The Dead Ladies Project is an account of that journey—but it’s also much, much more. Fascinated by exile, Crispin travels an itinerary of key locations in its literary map, of places that have drawn writers who needed to break free from their origins and start afresh. As she reflects on William James struggling through despair in Berlin, Nora Barnacle dependant on and dependable for James Joyce in Trieste, Maud Gonne fomenting revolution and fostering myth in Dublin, or Igor Stravinsky starting over from nothing in Switzerland, Crispin interweaves biography, incisive literary analysis, and personal experience into a rich meditation on the complicated interactions of place, personality, and society that can make escape and reinvention such an attractive, even intoxicating proposition.
Personal and profane, funny and fervent, The Dead Ladies Project ranges from the nineteenth century to the present, from historical figures to brand-new hangovers, in search, ultimately, of an answer to a bedrock question: How does a person decide how to live their life?
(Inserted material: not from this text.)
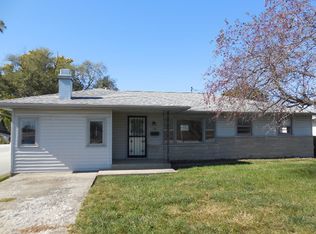 709 Hannah Ave, Paris, IL 61944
Crispin's unusual and absorbing travelogue pursues some of her favorite dead artists to their places of exile, intent on learning how they were able to "scrape their lives clean and start again elsewhere." The Bookslut founder considers Igor Stravinsky's flight from occupied France for Switzerland, Margaret Anderson's flight from an indecency charge after she serialized James Joyce's Ulysses, and Somerset Maugham's flight from an unbearable marriage, and she contemplates "those who use their force of will to change the direction of their own story." Her affinity for the invisible woman (Nora Barnacle), the ambitious woman (Rebecca West), and the undomesticated, "unfit" woman (Maud Gonne) only gives Crispin a slight hold on understanding her own experience, the restlessness that slingshots her from place to place. Smart, brash, and self-aware, Crispin is a fearless observer, a purveyor of odd and wonderful detail, and an unflinching witness to her own stifling mental state. Though the big questions as well as the personal conflicts go unresolved, Crispin's swift intelligence, fierce empathy, and dark humor offer up great insights as she discovers, if not a home, then an "ability to move through the world" and survive it.